Using the Scylla Prometheus API
Before Scylla version 1.4, the Prometheus integration was based on the collectd API. Collectd is still supported, but with Scylla Prometheus native support, connecting directly is the preferred way.
There is little configuration involved (IP and port) with the Scylla Prometheus API, and Prometheus is enabled by default. Both the Collectd and the Prometheus APIs use the same base infrastructure, so all the metrics that are available via the Collectd are available by Prometheus.
Scylla uses port 9180 by default, so if you have a Prometheus server running, add the Scylla server (ip:9180) to your targets list and you are ready to go.

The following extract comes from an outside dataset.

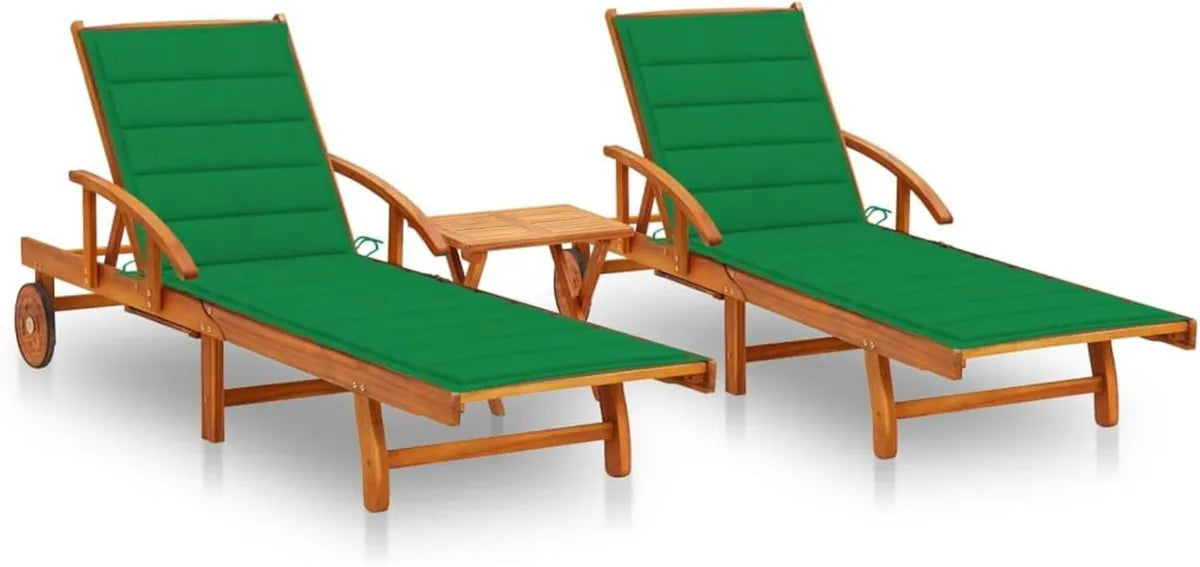 Lot de 2 Chaises Longues avec Table et Coussin en Acacia Massif, Bain de Soleil Réglable, avec Roues, pour Jardin et Extérieur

To verify that your Prometheus server is connected, check the status/Targets screen. In the screenshot below, you can see examples of two endpoints–one with Scylla on port 9180 that is up, the second on port 9103 that is not available.
Using the Node Exporter
Scylla exports its own metrics but it is also useful to get the machine metrics. To get the machine metrics, use the node_exporter, which is a utility that exports information about the current machine it runs on.

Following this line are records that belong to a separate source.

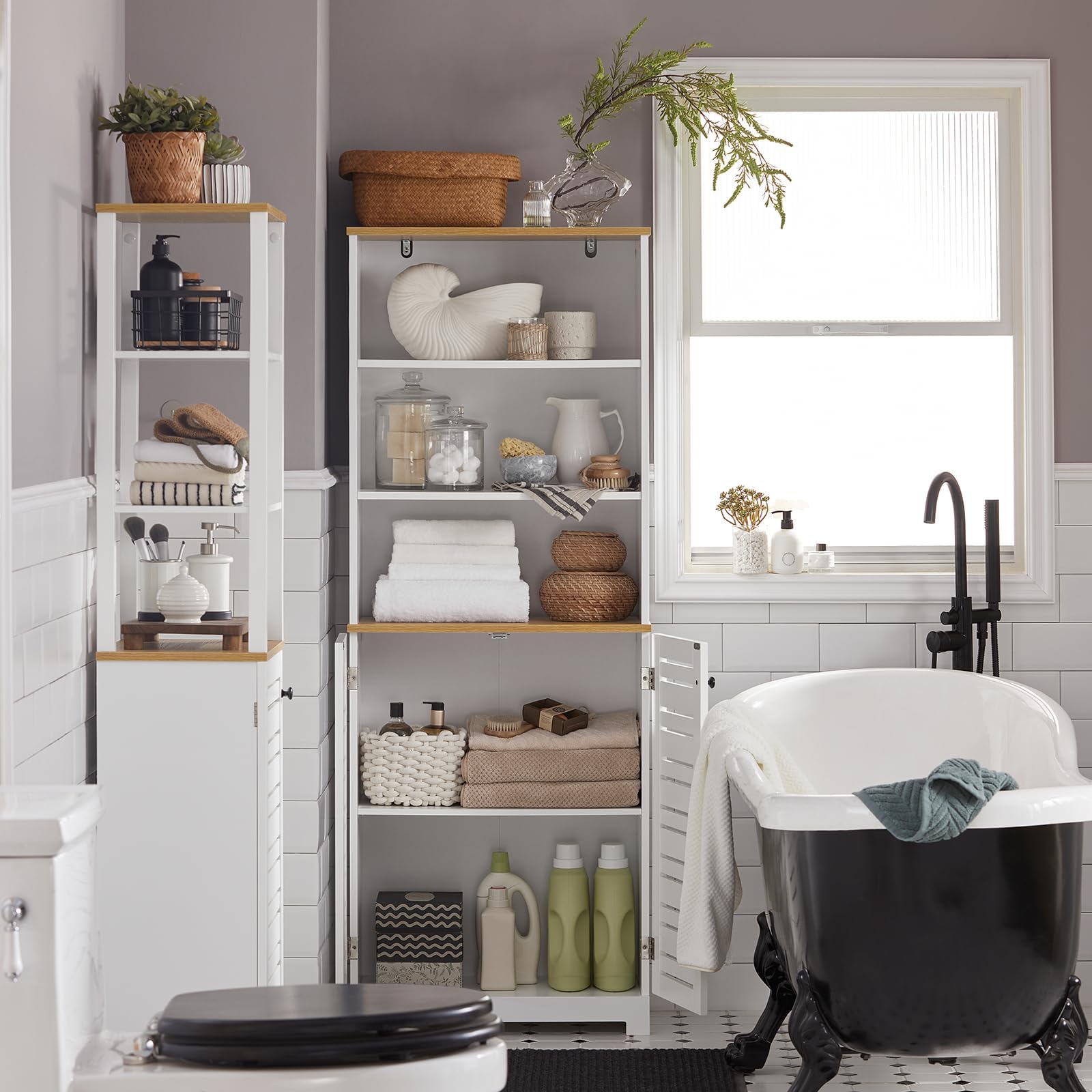 Amazon｜SoBuy 洗面所収納棚 ランドリーラック 食器棚 洗面所用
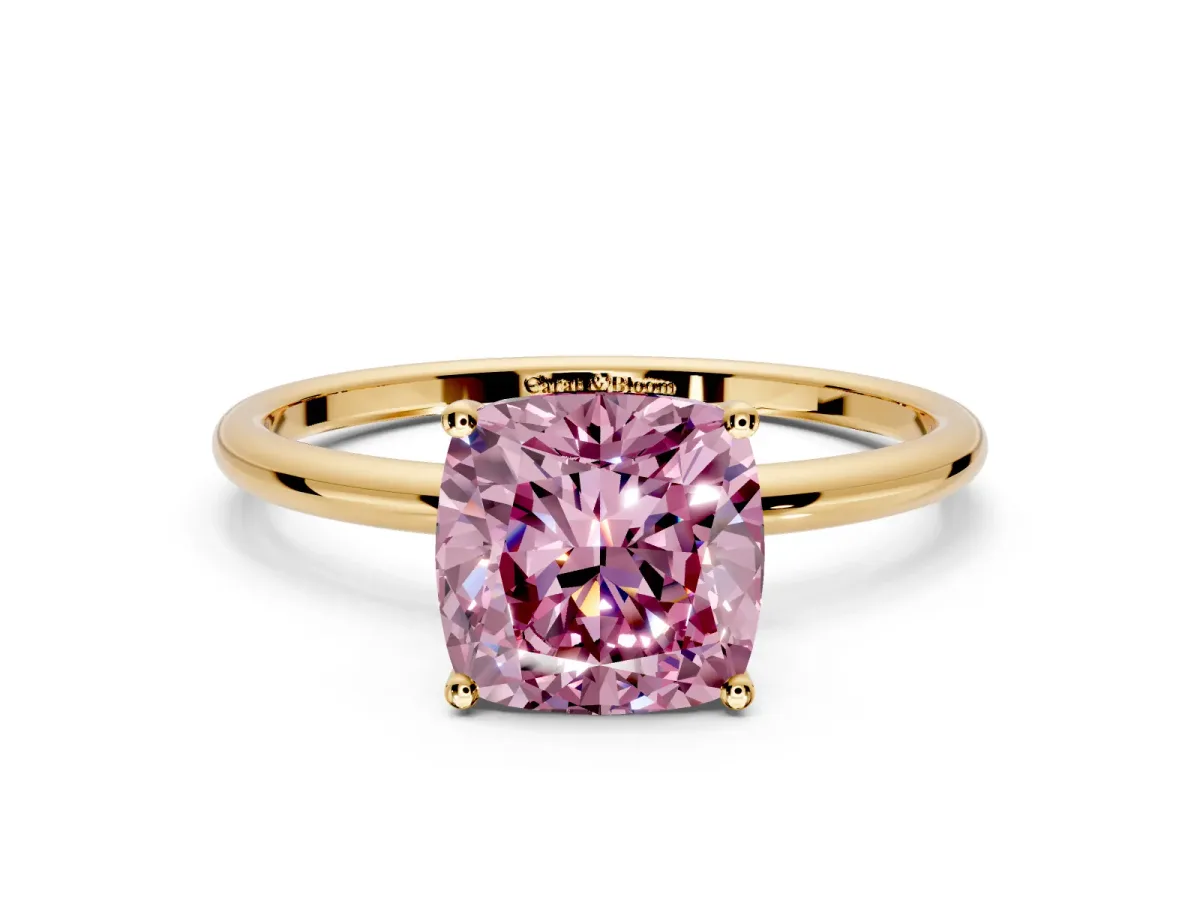 Solitaire Engagement Ring Setting for Fancy Pink Cushion Cut Center with Straight Thin Band and Prong Head in Yellow Gold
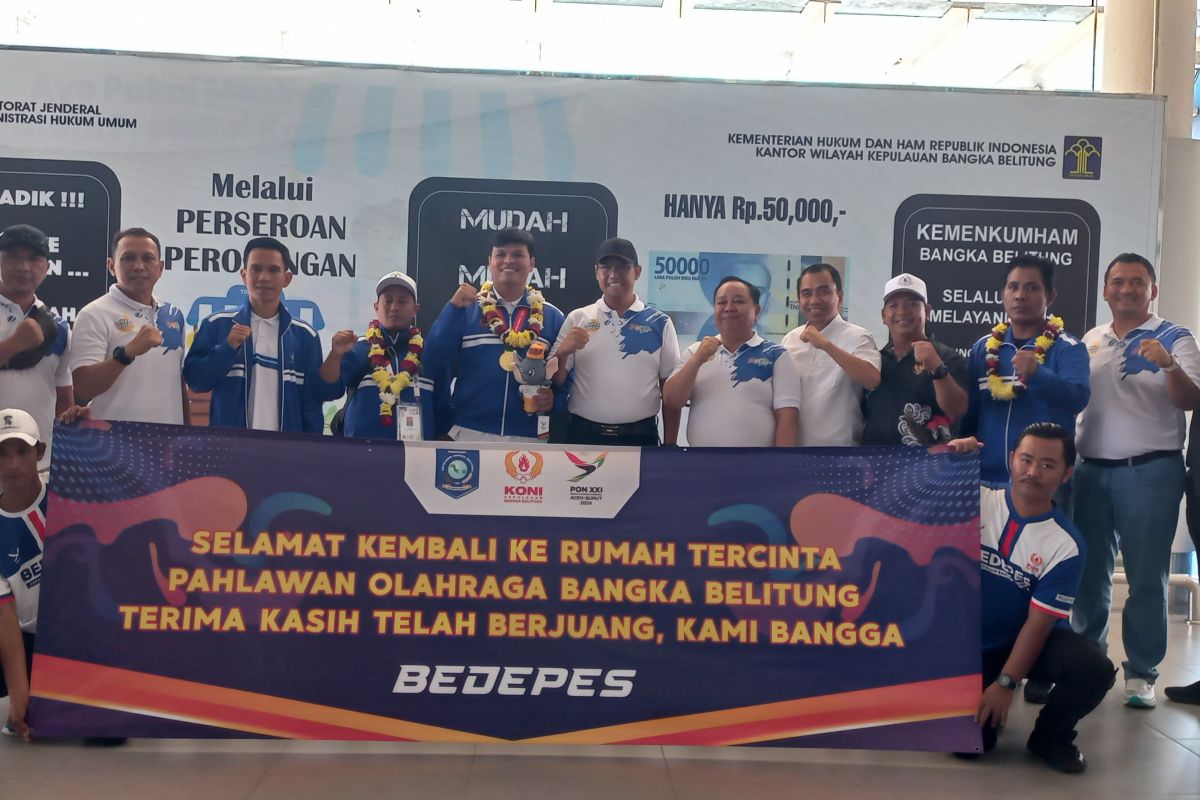 Pj Gubernur Sugito sambut kedatangan atlet Hapkido peraih emas pertama untuk Babel di PON XXI 2024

Starting with Scylla version 1.4, scylla_setup script include a node_exporter installation step, that can install node_exporter and run it as a service.

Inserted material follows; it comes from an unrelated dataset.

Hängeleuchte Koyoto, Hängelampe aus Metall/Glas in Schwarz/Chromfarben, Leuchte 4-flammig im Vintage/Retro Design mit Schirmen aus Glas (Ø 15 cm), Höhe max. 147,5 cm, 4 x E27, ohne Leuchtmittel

If you are using Prometheus, we highly recommend using it.
You can always run the node_exporter_install installation script at a later time.
Scylla Dashboards with Prometheus-Grafana
The Scylla Grafana Monitoring dashboard project is a monitoring solution that uses Prometheus as the metrics database and Grafana for displaying the dashboards.
Prometheus and Grafana runs inside Docker-Containers. When setting up the dashboards, you will need to add the nodes to the prometheus.yaml configuration file.
Here are some screenshots from Scylla dashboards.
Disk And Cache
Memory And Network
What’s Ahead for the Scylla Prometheus API?
Look for two enhancements in the coming releases:
- Histogram support. Internally Scylla holds multiple histograms that check for latencies and rates. We will use Prometheus histogram support to export those metrics.
- Metrics description. To help figure out what’s what in the metrics, we are adding more descriptions to the metrics.
And finally, it’s the egg, sorry; that’s how evolution works.